Smartest people in the room assumed that we would never, ever again be fighting an open ocean naval campaign. The Pacific is mighty open and blue the last time I checked. With that shift in thinking, leadership in the five sided pleasure palace placed a bet that the Pacific, Atlantic, and Indian Oceans could be treated like the bathtub that is the Caribbean.

"The Navy’s transformation plan would retire all Spruance class destroyers and the first five Ticonderoga class cruisers by late 2006—well before the end of their expected service lives. It would also upgrade the combat systems and reliability of the remaining Ticonderogas and Perry class frigates. The Navy’s main focus, however, is on buying the DD(X) future destroyer, starting in 2005; the littoral combat ship (LCS), also starting in 2005; and the CG(X) future cruiser, beginning around 2014."

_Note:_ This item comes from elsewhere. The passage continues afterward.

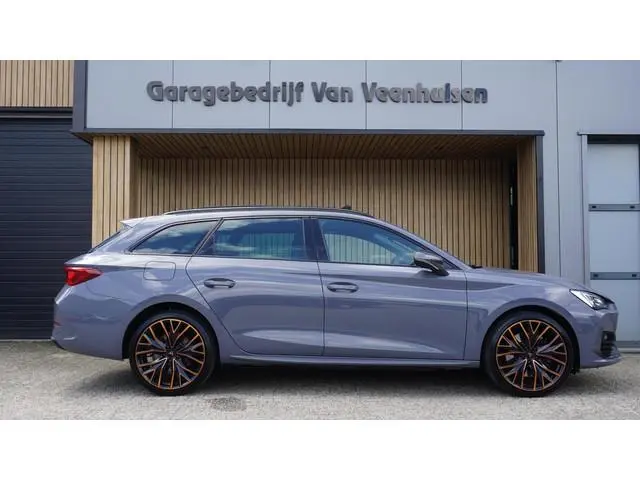 CUPRA Leon Sportstourer 1.4 e-Hybrid 245pk VZ Copper Edition Pano.Dak 19inch LM  *Black Pack* Virtua...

Well, here we are in 2024. Zumwalts and (graciously) Less than Capable Seaframes are essentially worthless and CG(X) was aborted faster than a fetus in a van outside the Chicago DNC convention.

"In the past year, senior Navy admirals have argued that they need 375 ships to perform all of the missions asked of the service. By far the biggest change in force goals is the increase in the desired number of surface combatants to 160."

Wow! 375? That kinda sounds like the PLAN fleet. This opus has aged very well.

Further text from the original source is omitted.